--- Brief descriptive captions ---
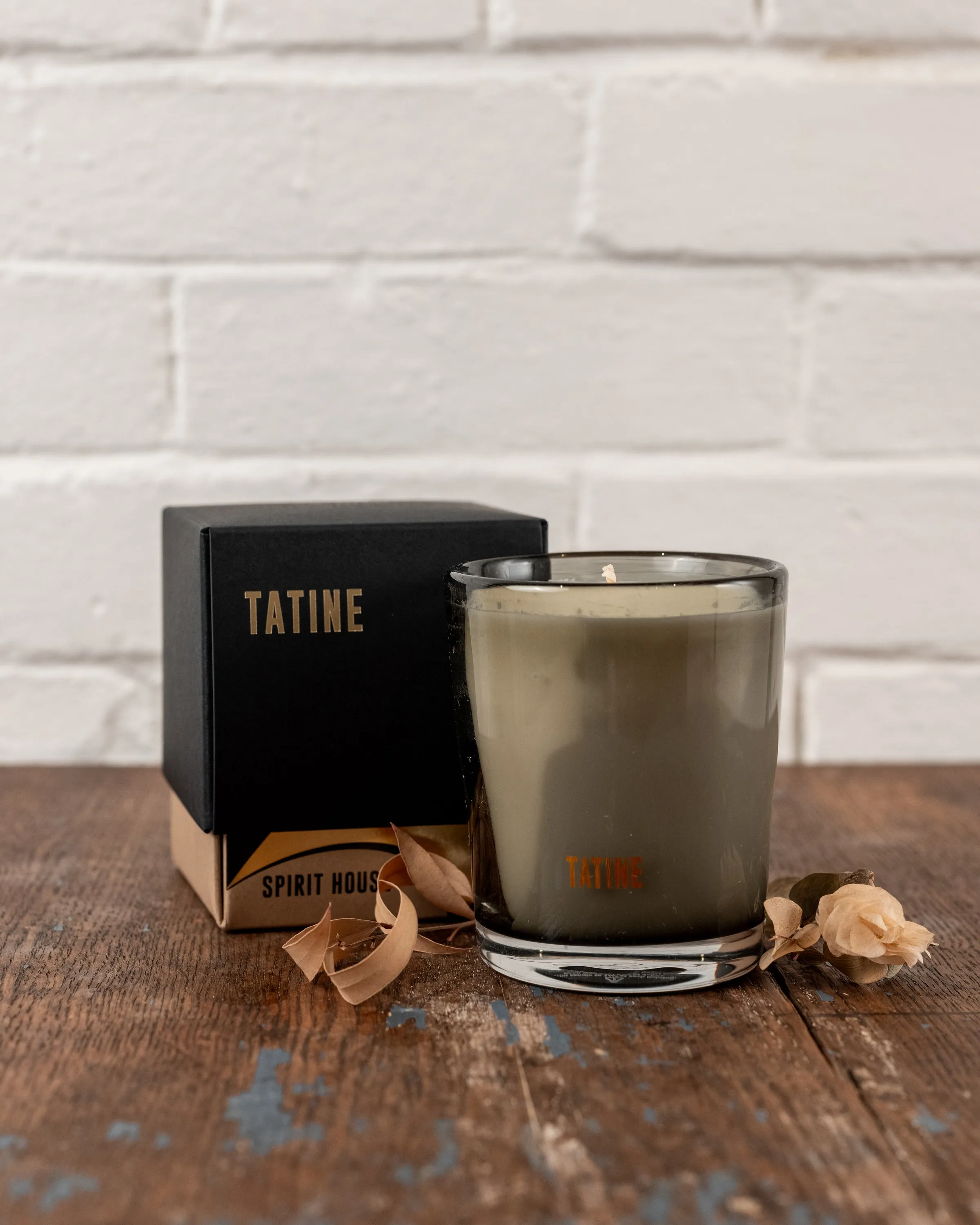 Tatine Candle / 8 oz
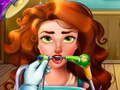 Spel Olivia Real Dentist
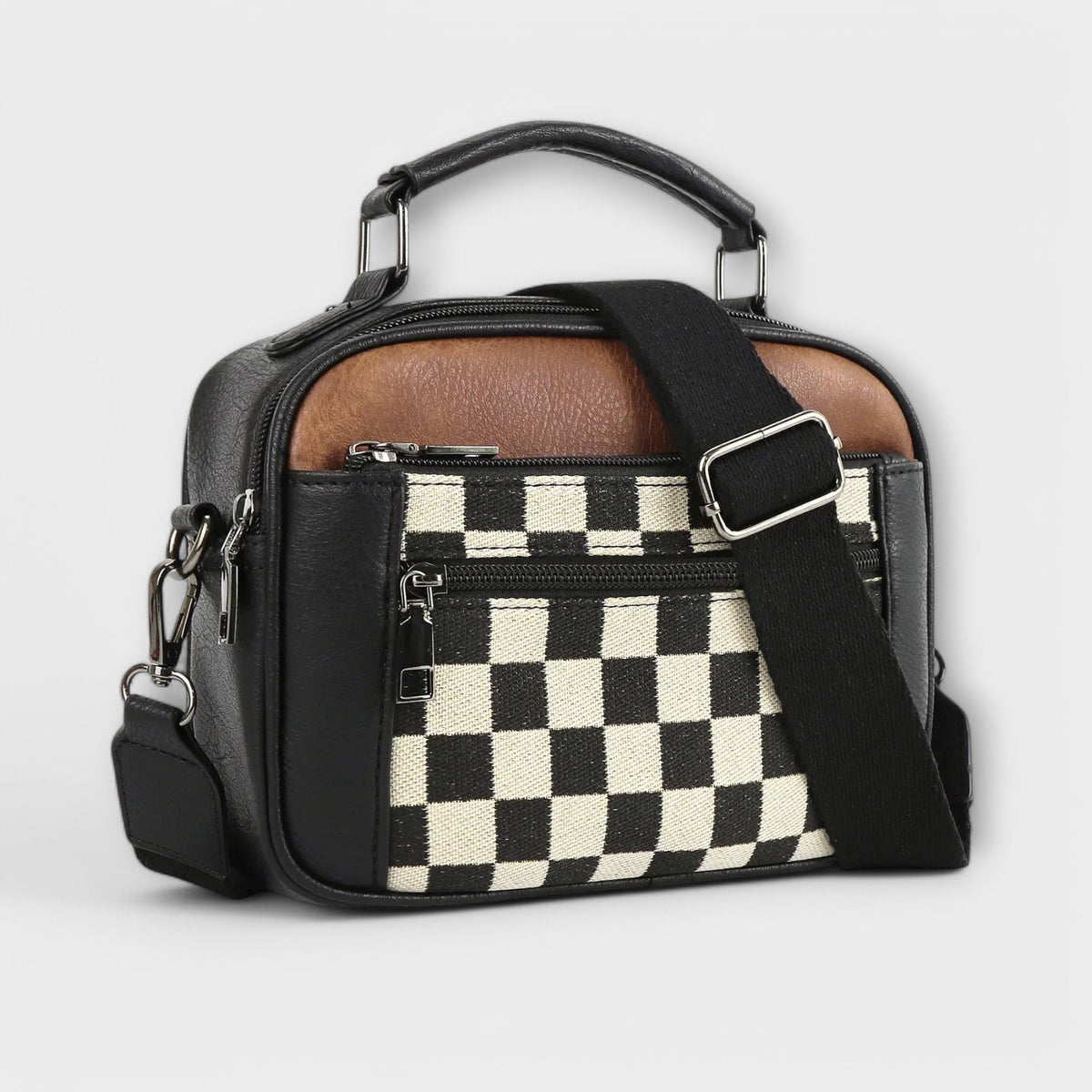 Women's Shoulder Bag - VibreMode
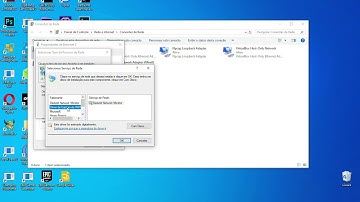 Fix Error - WIRESHARK - The NPF driver isn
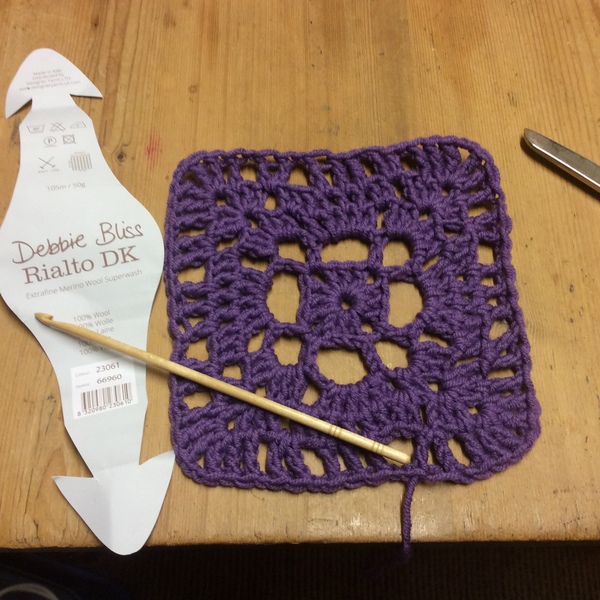 Zombie and Woolly Hugs. Please join us, newcomers very welcome. Come and find out about Candy's Hugs.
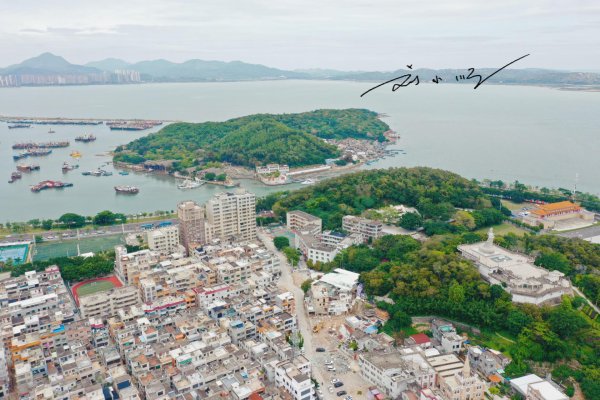 广东汕尾属于潮汕吗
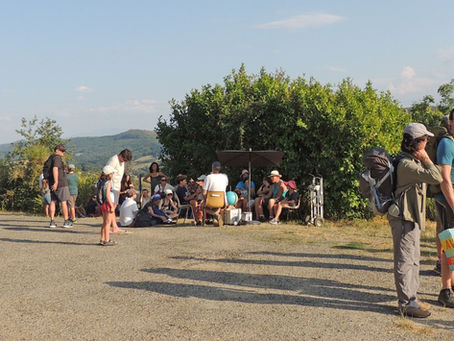 Revivez l'éclipse du Soleil 2026 avec l'Observatoire de Sabarat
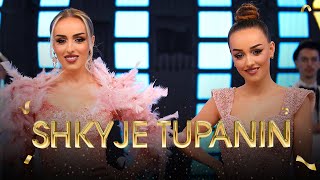 Aida & Argjenda Doçi - Shkyje Tupanin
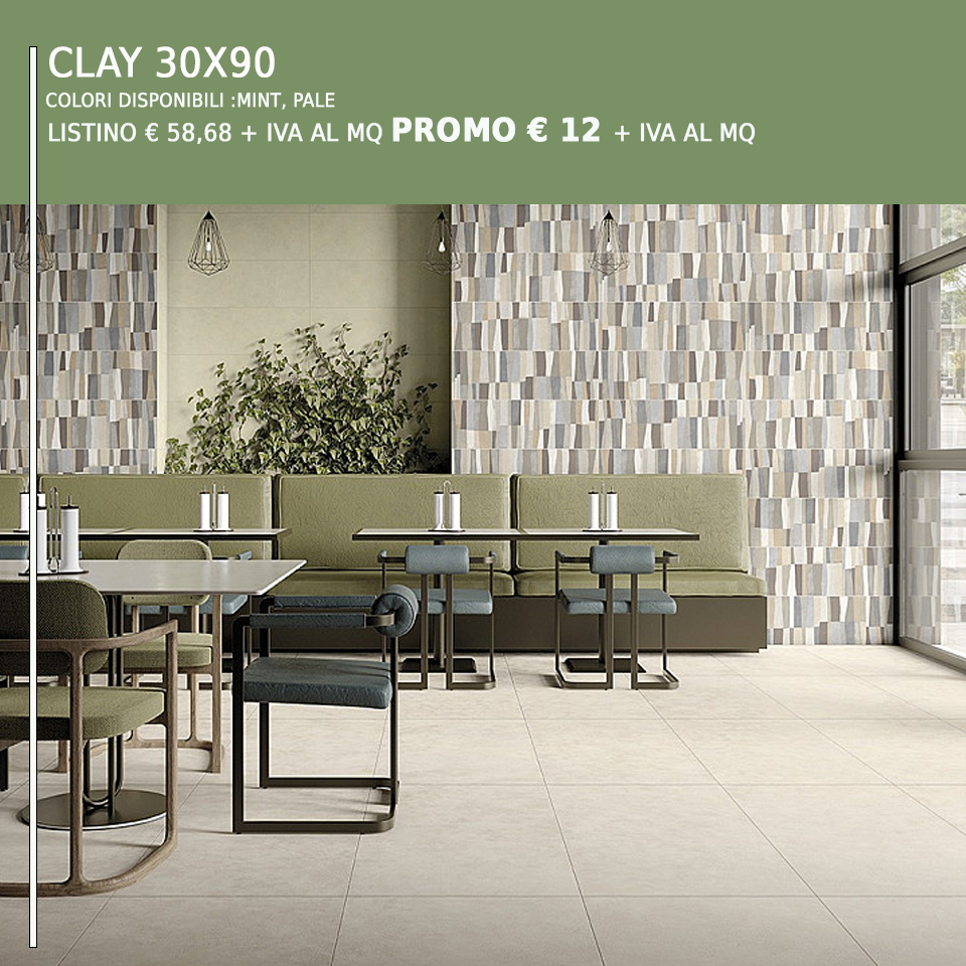 clay 30x90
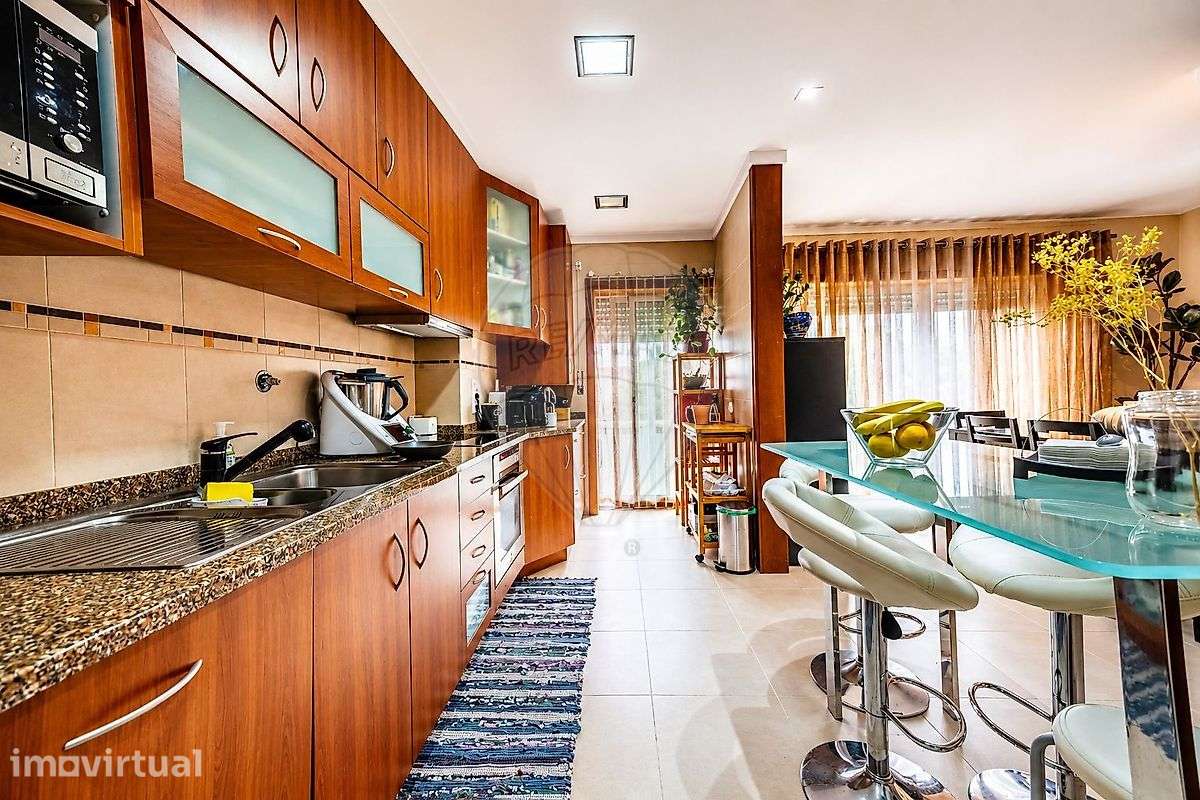 Apartamento T3 para venda - Grande imagem: 2/25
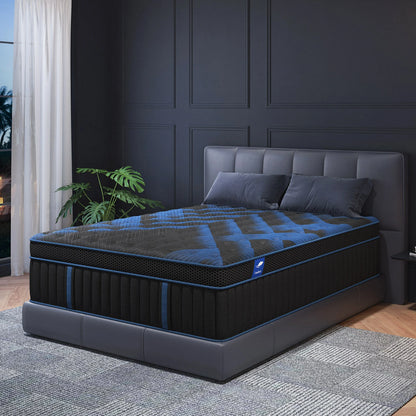 Noctyra™ GelFlex Hybrid Mattress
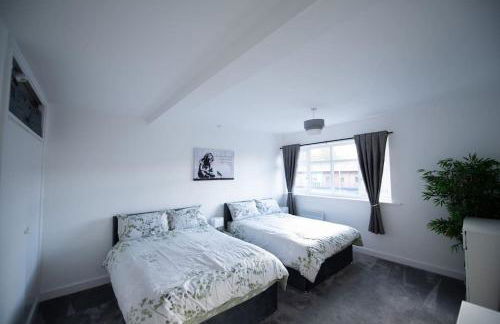 2 Bed Retreat with Roof Terrace - Photo 7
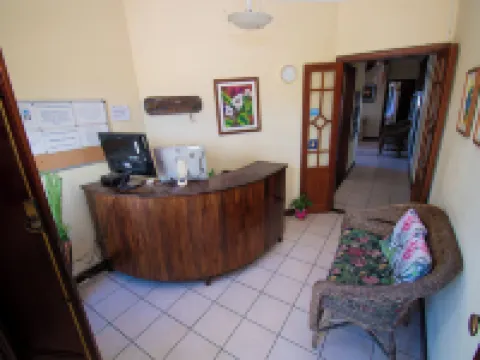 Pousada Brisa de Paraty Hotels in Paraty
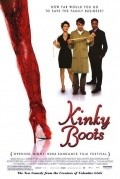 Kinky Boots - wallpapers.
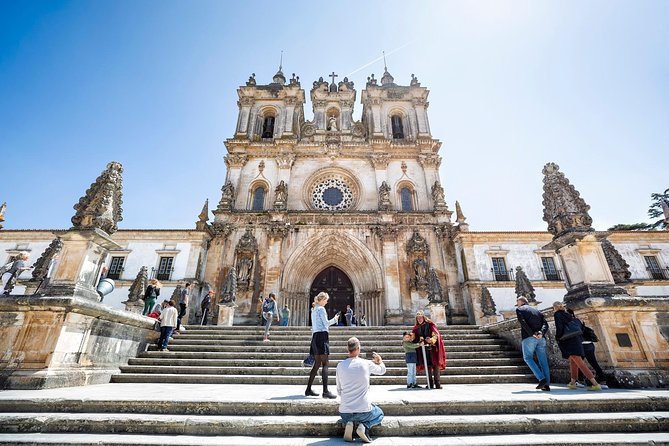 Take, Battle & Alcobaça - 3 World Heritage Sites Without Rushing! - Guest Reviews and Ratings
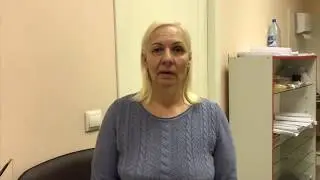 Отзывы о коррекции атланта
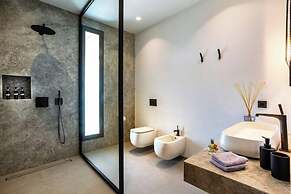 Villa Blanchette Marrakech – Villa Élégante avec Piscine Chauffée et S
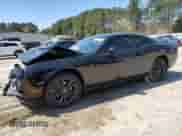 2020 Dodge Challenger SXT с VIN 2C3CDZGG9LH110851, выставлен на аукционе Copart как лот 53502795 с пробегом 28 847 миль миль и Списание • Salvage title. История ставок и продаж доступна на DreamBid. Изображение 1.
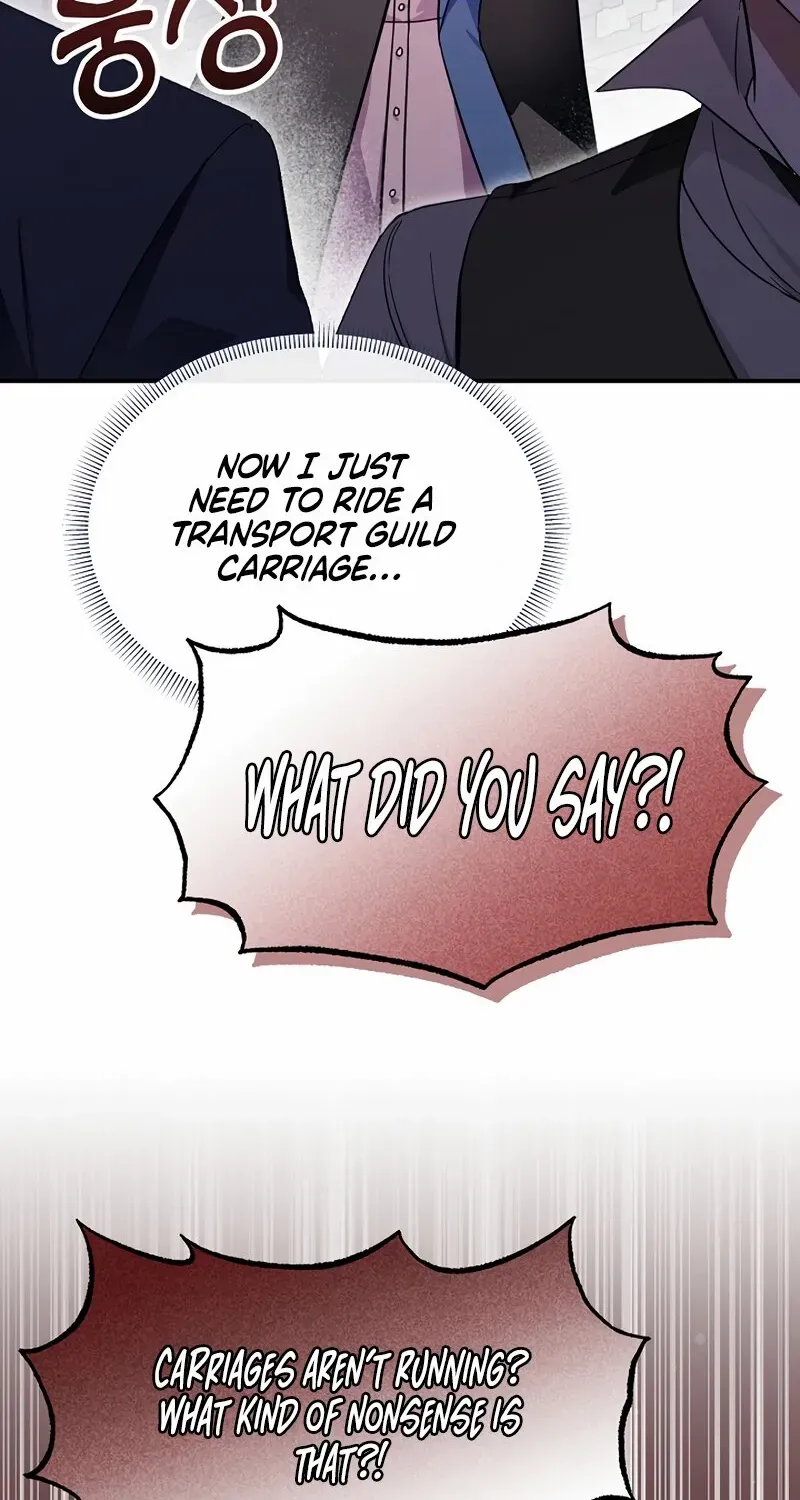 I Helped the Imprisoned Male Lead and He Became an Obsessive Man Chapter 38 page 34 - 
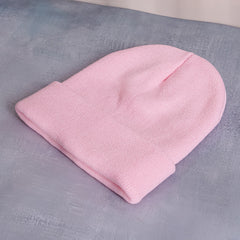 BABYGIRL Knitted Hat Warm And Windproof For Women Ladies Christmas For Her Year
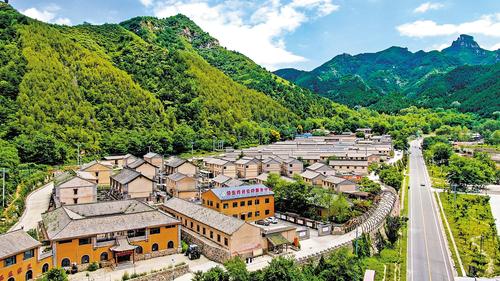 學習運用“千萬工程”經驗 河北有力有效推進鄉村全面振興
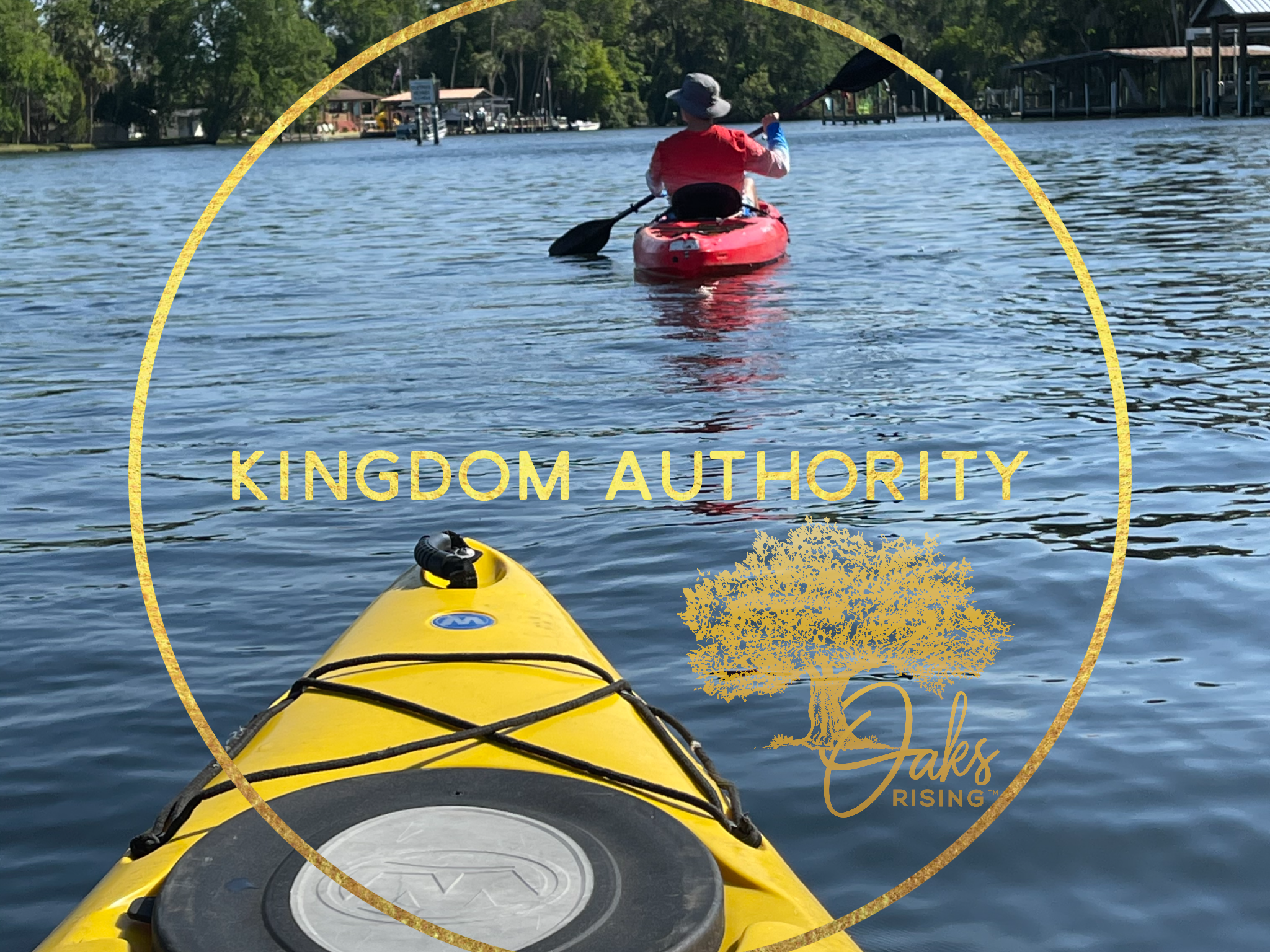 Kingdom Authority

--- Work instruction ---
Because the copy must hold no pictures, return only the lines that run from the line containing "Kinky Boots - wallpapers." to the end of the data above, each exactly as it stands.

--- Completed exercise ---
 Kinky Boots - wallpapers.
 Take, Battle & Alcobaça - 3 World Heritage Sites Without Rushing! - Guest Reviews and Ratings
 Отзывы о коррекции атланта
 Villa Blanchette Marrakech – Villa Élégante avec Piscine Chauffée et S
 2020 Dodge Challenger SXT с VIN 2C3CDZGG9LH110851, выставлен на аукционе Copart как лот 53502795 с пробегом 28 847 миль миль и Списание • Salvage title. История ставок и продаж доступна на DreamBid. Изображение 1.
 I Helped the Imprisoned Male Lead and He Became an Obsessive Man Chapter 38 page 34 - 
 BABYGIRL Knitted Hat Warm And Windproof For Women Ladies Christmas For Her Year
 學習運用“千萬工程”經驗 河北有力有效推進鄉村全面振興
 Kingdom Authority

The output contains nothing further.